Coup leader hits out at NLD for abolishing Ma Ba Tha, introducing sex education

Coup leader Min Aung Hlaing has expressed his dissatisfaction with the National League for Democracy’s (NLD) decision to abolish the extremist Buddhist group Ma Ba Tha in 2017.

In a speech published in military-controlled newspapers last week to mark the first anniversary of the establishment of the so-called State Administration Council, the senior general sought to paint the NLD as an enemy of Buddhism. 

“Religious organisations such as Ma Ba Tha, an organisation for the protection of race and religion and other organisations that run religious affairs… were demolished for various reasons,” he said. 

He also appeared to blame the party for a 2020 incident in which the Myanmar boy band Project K danced in front of an image of the Shwedagon Pagoda during a performance in South Korea for the Asia Song Festival. 

“The religious and cultural arenas were destroyed due to the dance wearing shoes on the terrace of the Shwedagon Pagoda,” said an English-language text of the speech that is either erroneous, incorrectly translated, or both. 

“The moral values of young people regarding Myanmar customs and traditions… are also destroyed using online media,” the text said. 

U Wayama, a monk from the Spring Revolution Interfaith Network, said the speech was an attempt to gain public support by exploiting Buddhism. “He is taking advantage of religion,” the monk said. 
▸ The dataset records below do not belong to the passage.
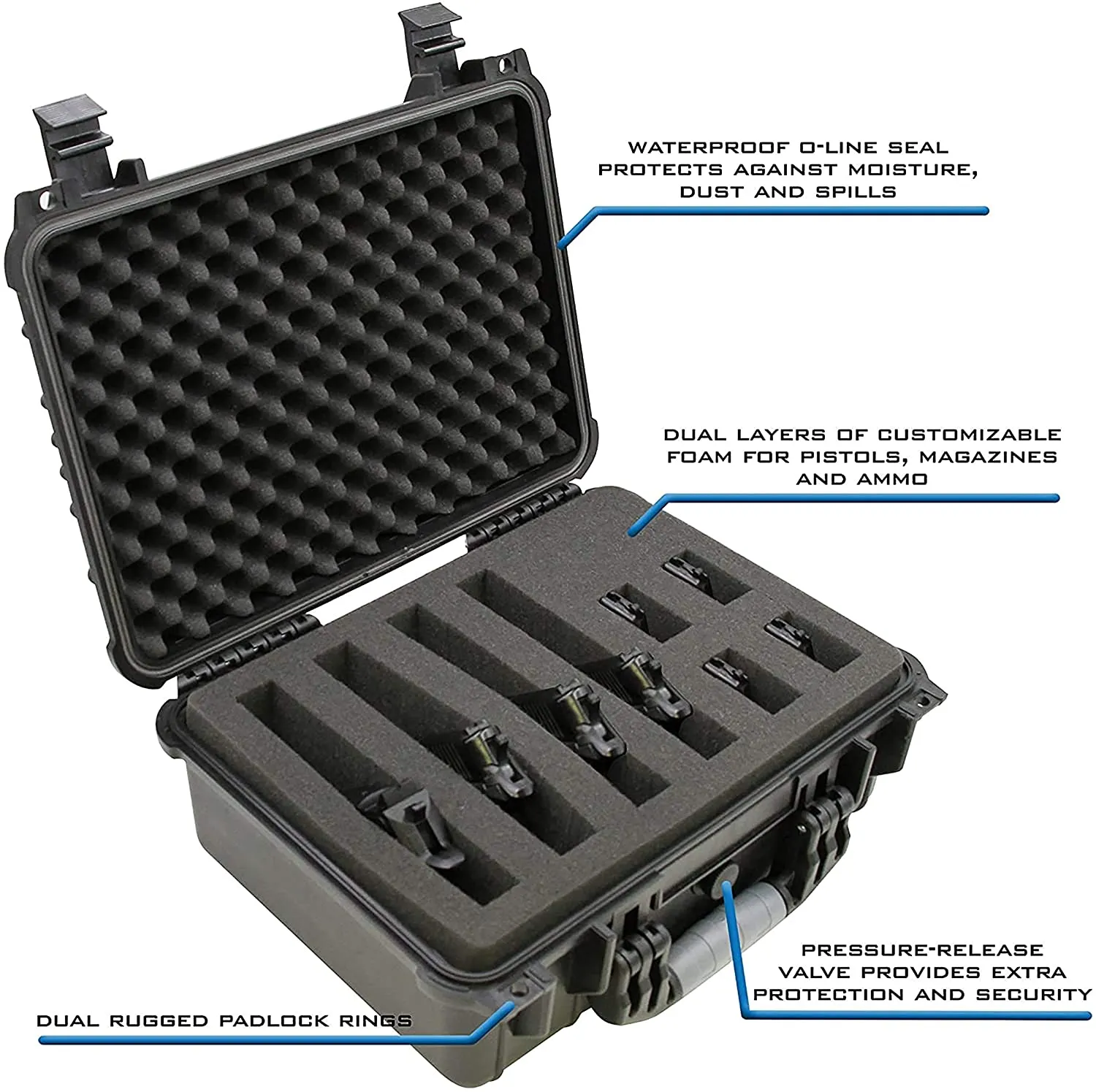 CASEMATIX 16" Customizable 4 Pistol Multiple Pistol Case - Waterproof & Shockproof Hard Gun Cases for Pistols and Magazines with Two Layers of 2" Foam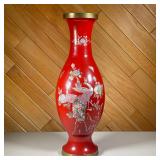 KOREAN APPLIQUÉ ENAMEL METAL VASE | Of large size; red enameling with mother of pearl applied decora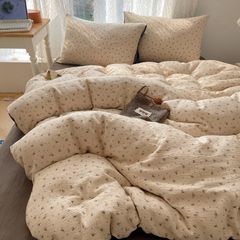 4Pcs Cotton Muslin Triple Layer | Set Cotton Linen 3 Lớp Bed Set | ID 4PCSGACCT12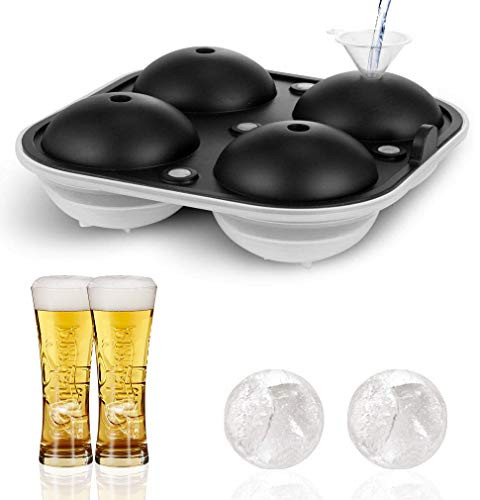 FRSWAY Ice Cube Trays Silicone Large Sphere Ice Tray MoldIce Ball Maker for Whiskey Spirits Liquor Cocktails Soda  More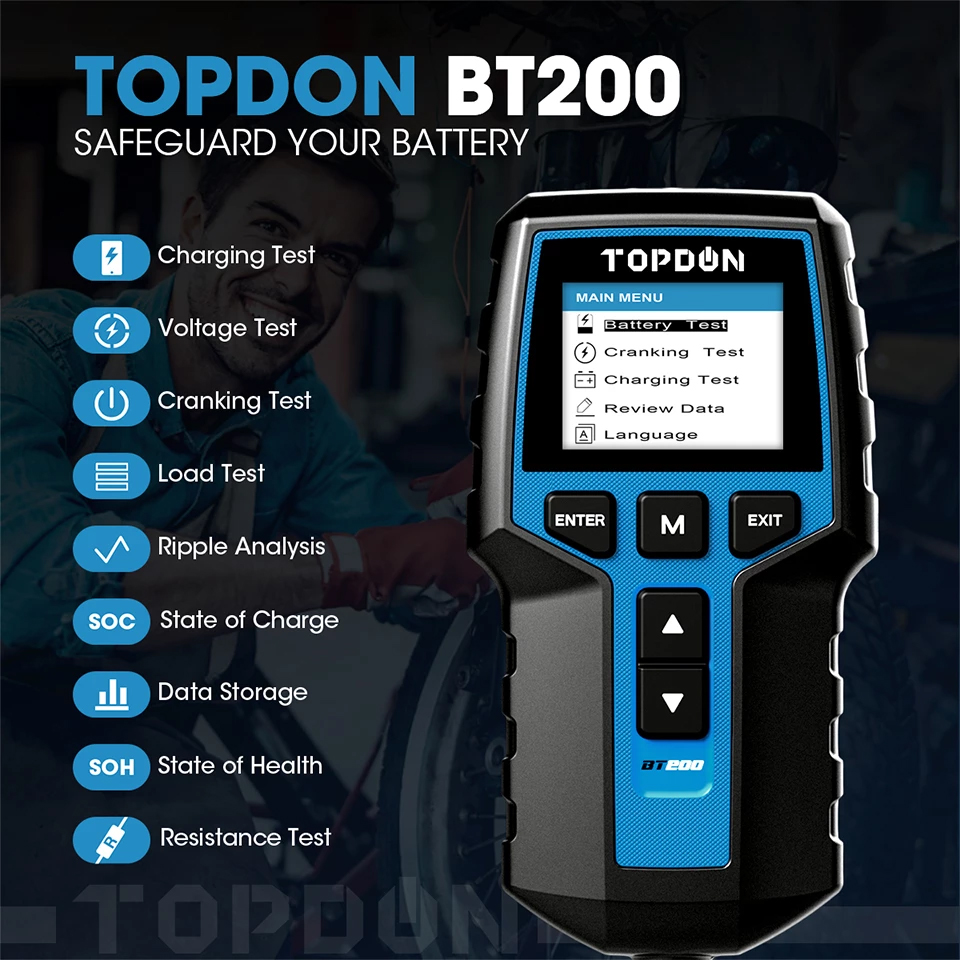TOPDON BT200 12V 24V car battery tester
The coup leader also criticised the NLD government for Covid-19 restrictions that were imposed at various religious buildings. 

“The pagodas and religious buildings were also closed under the reason of COVID-19 and the propaganda was spread as the State economy declined due to monks,” he said.

Ma Ba Tha has strong links to the military and its members have rallied support of military causes on numerous occasions. In December 2020 Min Aung Hlaing gave donations to former Ma Ba Tha chair Insein Ywarma Sayadaw. 

In last week’s speech the coup leader also hit out at the introduction of sex education lessons under the NLD. 

“During the term of the previous government, they restricted the religious training courses for young students and added the sex education lessons that affect Myanmar culture,” he said.

“We need to protect religion from being confused with politics, and we need to conduct systematic measures in order to keep our religion clean and bright,” he added. “It has infiltrated politicians to the point of concealing the true history and inciting hatred against the military among the youths.”